Mettons fin à la récupération politique de la tour Eiffel, ce symbole mérite mieux. Il devrait rester au-dessus de la mêlée, loin des affaires sordides, loin de cette actualité où le mensonge le dispute à la vérité, loin des opinions partisanes et intéressées. La tour Eiffel appartient au temps long, aux temps historiques décantés de nos méprisables passions humaines. La tour Eiffel est un symbole de paix qui a toujours eu valeur d'exemple du génie humain, mais du génie créateur, non pas destructeur.
Partout, dans le monde entier, des hommes et des femmes l'admirent en silence, devant son image ou dans leurs pensées, comme d'autres aiment à contempler un ciel étoilé. Magnifiée par des artistes dans son habit de lumière, la tour Eiffel est désormais une œuvre d'art. Il n'en a pas toujours été ainsi, à sa naissance elle n'était qu'un enchevêtrement de ferrailles, mais c'est précisément en cela que réside sa poésie : qu'une matière aussi frustre puisse ouvrir l'esprit sur une contemplation infinie, Monsieur Eiffel et ses ingénieurs ne l'avaient sûrement pas escompté.
La France, qui s’enorgueillit de son « génie » et de sa « générosité », devrait aller beaucoup plus loin en considérant qu'elle relève désormais du patrimoine de l'humanité. Qu'il incombe à la ville de Paris d'en assumer la conservation, et d'en préserver la beauté, n'implique pas qu'elle soit propriétaire de sa valeur symbolique. D'une part, la ville est remboursée de ses frais par les retombées commerciales, d'autre part, une valeur symbolique n'a ni prix ni propriétaire.
Inconsciente de l'immensité de la valeur symbolique de cet édifice, Paris l'utilise comme une vulgaire vitrine publicitaire de ses choix politiques du moment, sans considération pour les personnes aux convictions opposées mais qui n'ont pas le privilège de pouvoir choisir son aspect.

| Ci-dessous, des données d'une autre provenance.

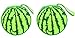 Produktbild jinzhicheng 2 Pcs Wassermelone Form CD/DVD-Aufbewahrung Fall (grün)
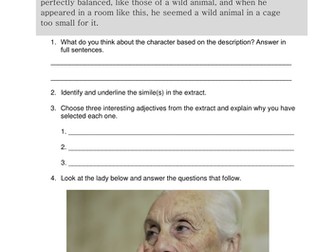 Describing a Character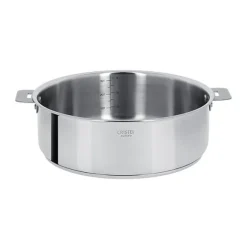 Sauteuse multiply tout inox Casteline sans manche 28 cm Cristel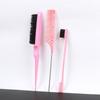 3Pcs/Set Double Sided Edge Control Hair Comb Hair Styling Hair Brush Tool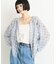 ∴シアークロップドジップチェックフードシャツ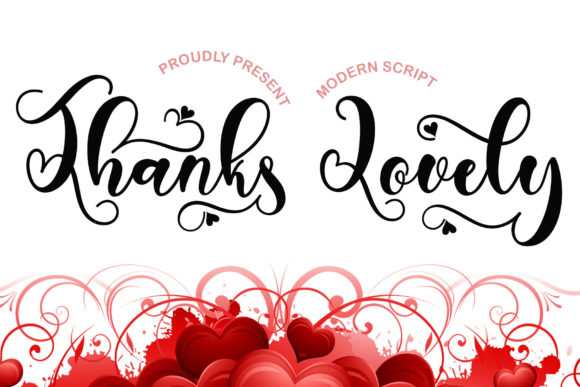 Thanks Lovely: A Festive Script Font for Handmade Creations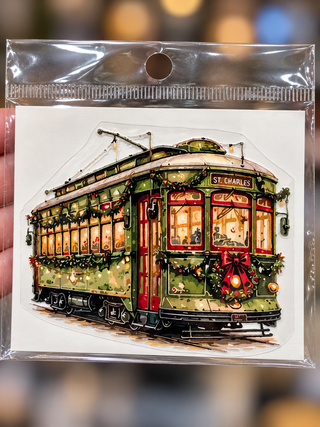 Christmas Street Car- St. Charles UV DTF Sticker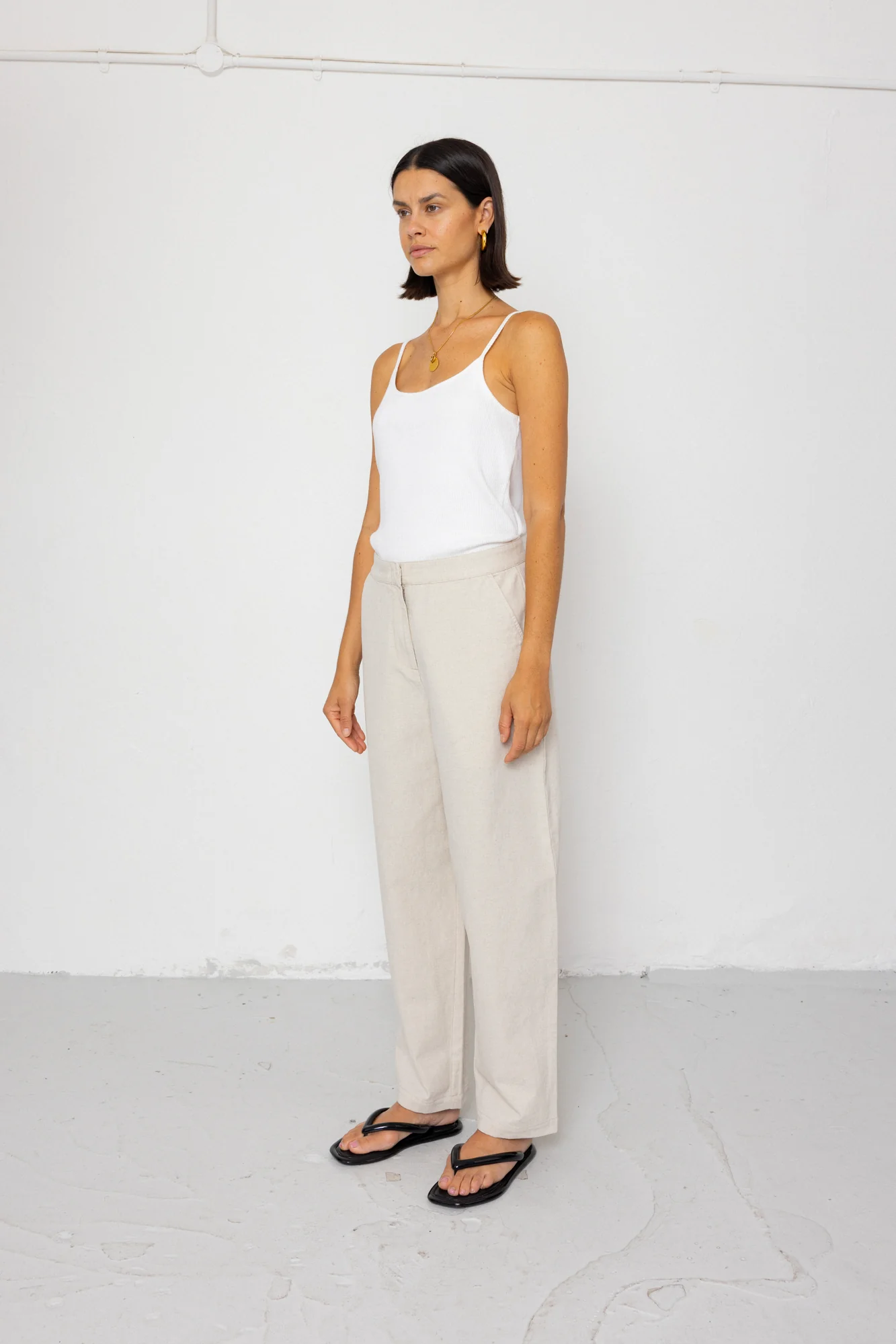 Suit Trousers - Natural Linen Cotton Canvas - Image 5
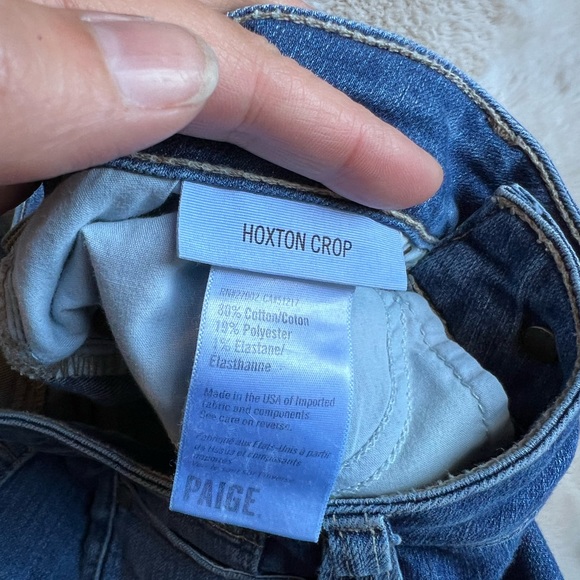 Paige Hoxton Crop Light Wash Denim Jeans Size 28 - Picture 8 of 10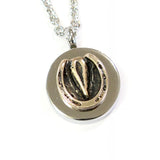 Horse Hoof Cremation Necklace – Pet Memorial Jewelry for Equestrians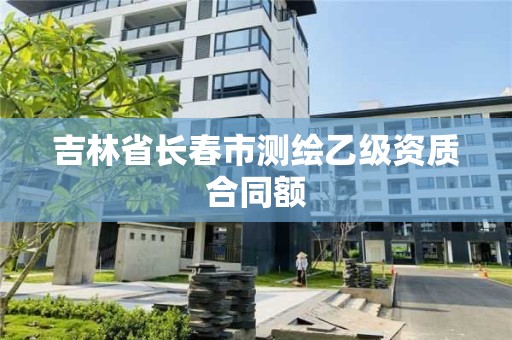 吉林省長春市測繪乙級資質(zhì)合同額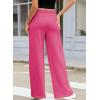 imageAleumdr Womens High Waisted Drawstring Waist Wide Leg Sweatpants with Pockets Casual Loose Yoga PantsHot Pink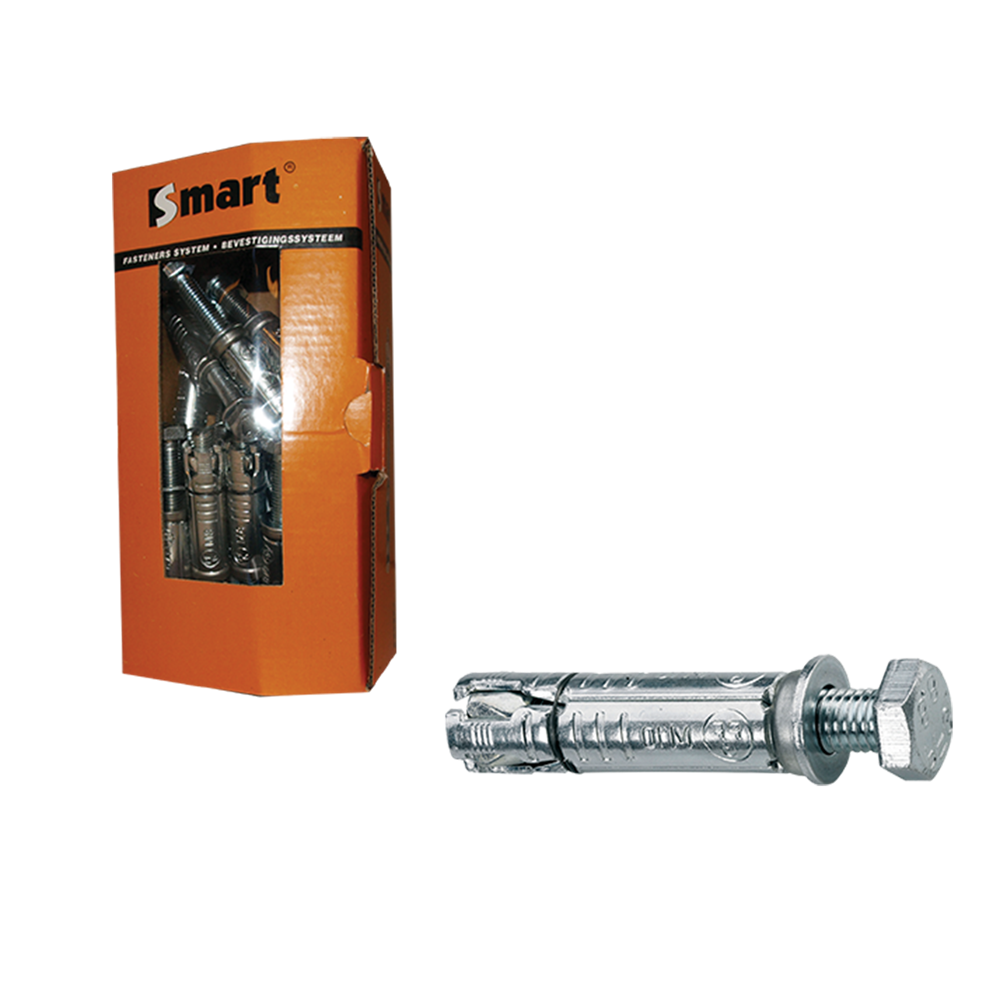 SMART | Keilbout met tapbout M12x20x90 Zn | 10 st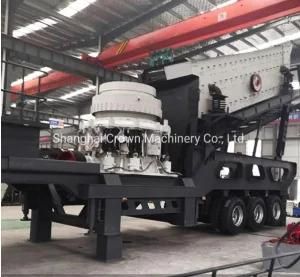 Concrete Mobile Cone Crusher/Alphalt Mobile Cone Crusher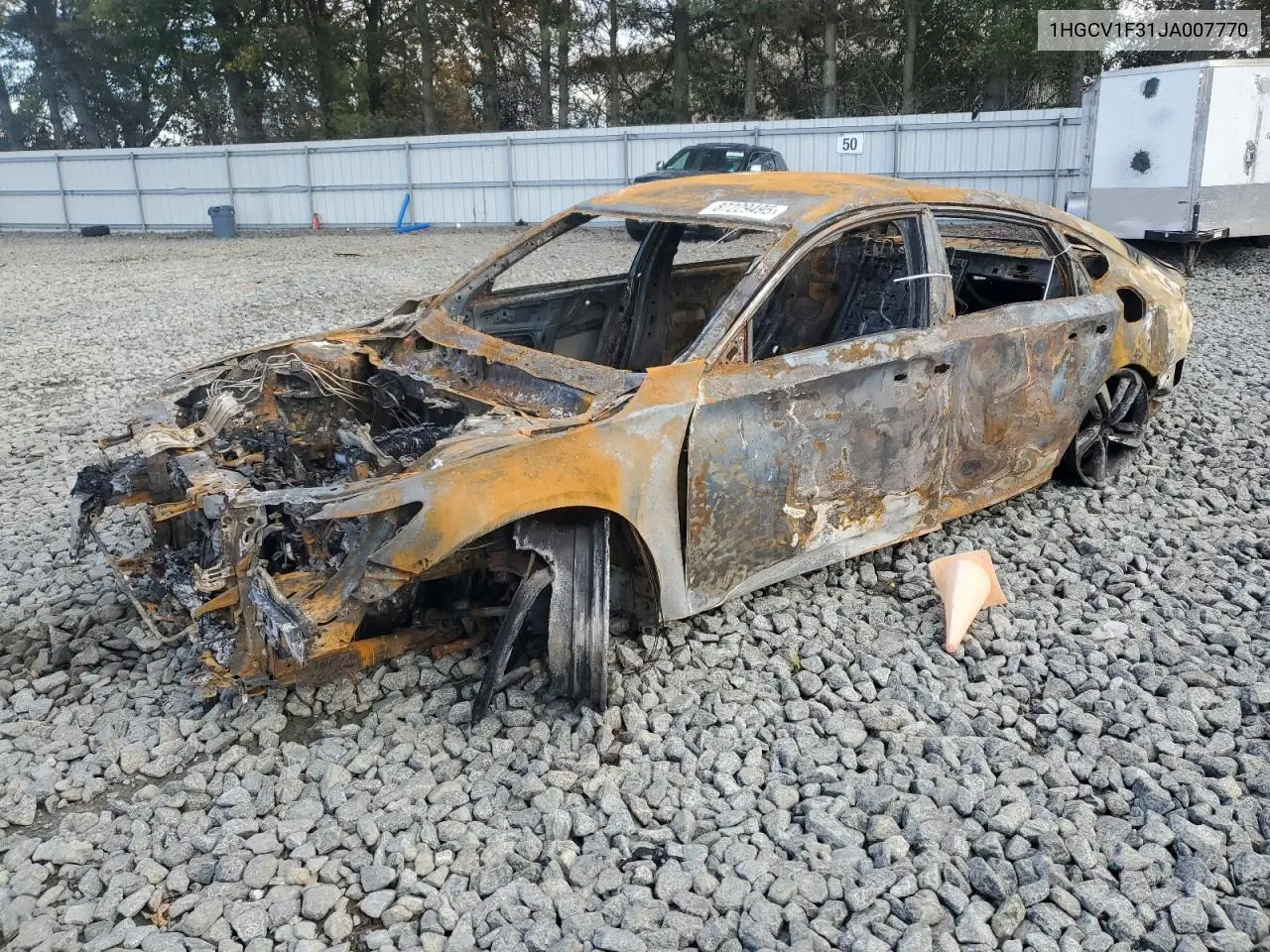 1HGCV1F31JA007770 2018 Honda Accord Sport
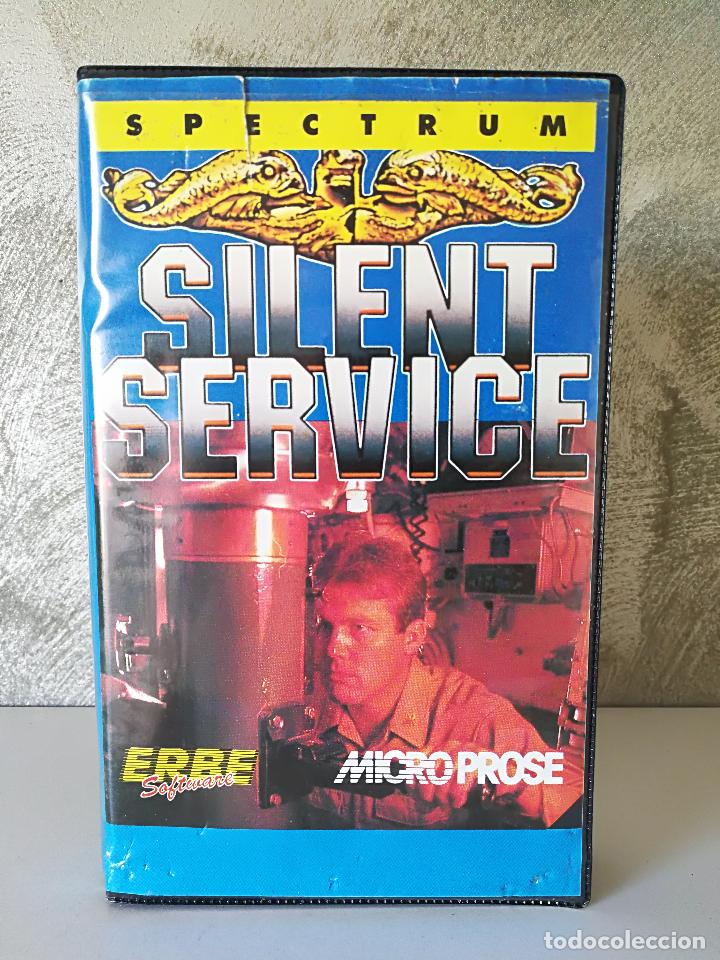 Videojuegos y consolas: SILENT SERVICE ESTUCHE GRANDE SPECTRUM - Foto 1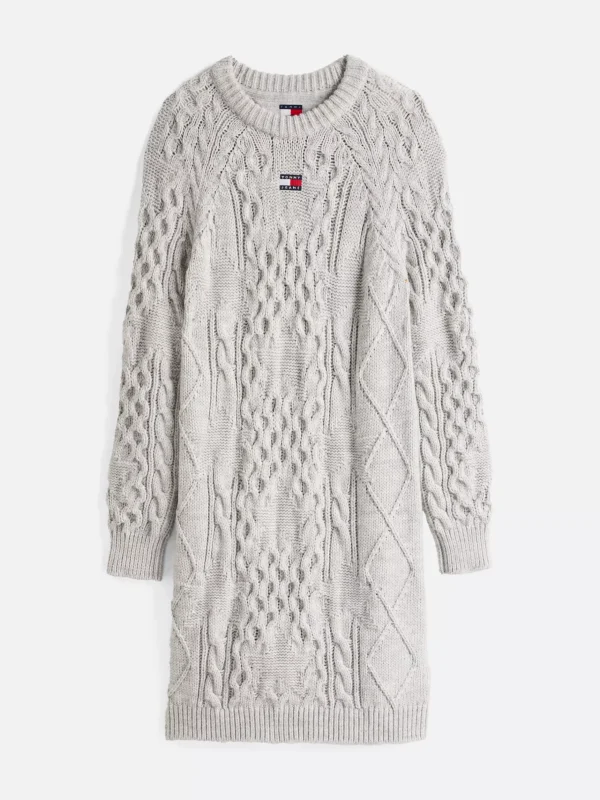 Tommy Hilfiger Mini-Strickkleid mit Sternen GREY HTR Best Sale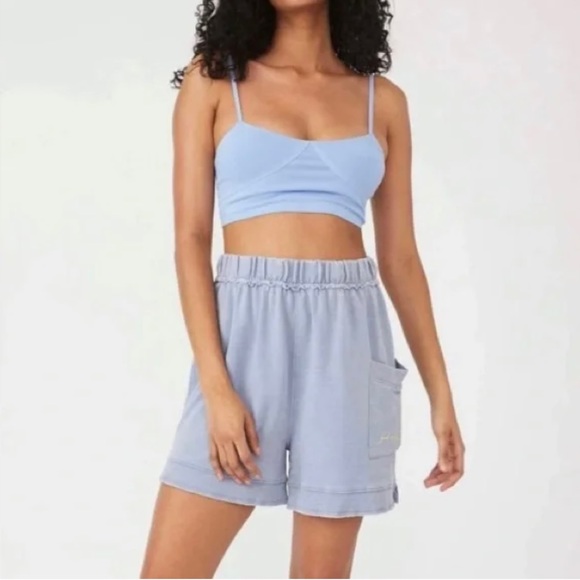 Free People Pants - Free People Cozy Girl Shorts Light Blue
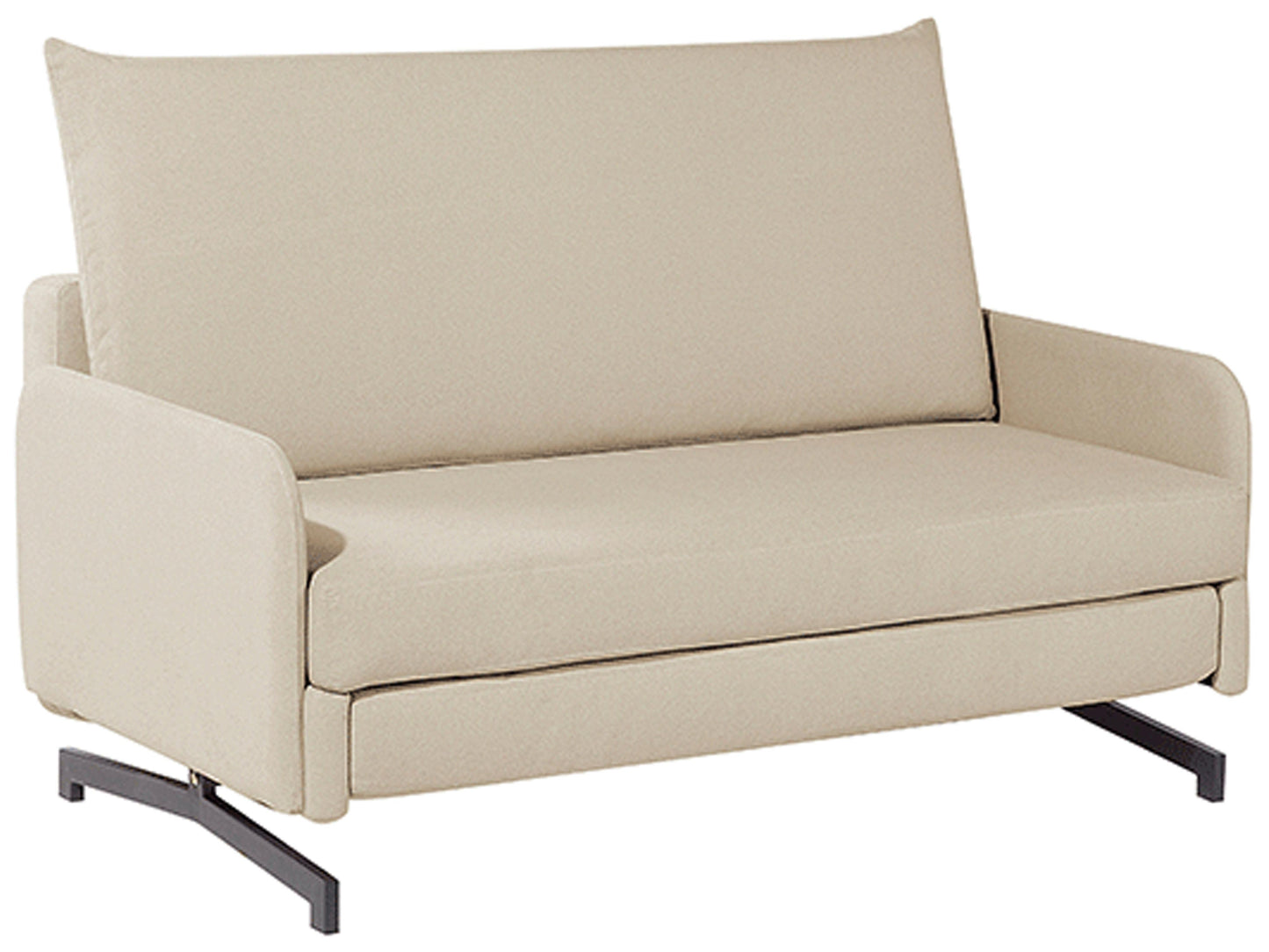  Sofa Bed 2 Seater BELFAST Fabric Beige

C'est pourquoi, quand certains sont heureux de la voir porter des « hommages » endeuillés à X ou Y, d'autres, à l'inverse, la voit couverte de boue. Dans ces conditions elle ne saurait être un symbole, elle n'est plus rien, rien de plus qu'un trivial monument public. Sa magie n'opère plus, sa Vérité n'est plus, et cette « grande dame », que l'on se plaisait à croire inaltérable et pure, au-dessus de nos querelles, se révèle n'être qu'une dépouille inerte, la défroque d'un épouvantail.
C'est pourquoi je demande à nos députés de bien vouloir s'emparer de ce sujet qui, à bien y réfléchir, est loin d'être aussi futile qu'il n'y paraît. Les plus grands événements qui jalonnent l'histoire de l'humanité ne sont pas ses guerres sempiternelles, ce sont des inventions relevant de l'esprit : le langage, l'écriture, les mathématiques, les arts, les divinités...
Je vous demande donc, Mesdames et Messieurs les Députés, de légiférer sur le statut de la tour Eiffel afin de la considérer officiellement, aux yeux du monde entier, comme un symbole appartenant à l'humanité, et dont les institutions françaises se font le devoir de préserver la valeur, d'en garantir l'inaltérabilité, afin que plus jamais elle ne soit avilie par les considérations liées aux épisodes terre-à-terre de la vie humaine, aussi dramatiques et respectables soient-ils. C'est précisément parce que, toujours et partout, des êtres humains vivent et meurent dans des conditions épouvantables, que nous avons besoin d'une lueur apaisante, sereine, comme éternelle. La poésie et l'imagination ouvrent sur l'infini des possibles : qui peut dire ce que ce symbole inspirera un jour à un être humain ?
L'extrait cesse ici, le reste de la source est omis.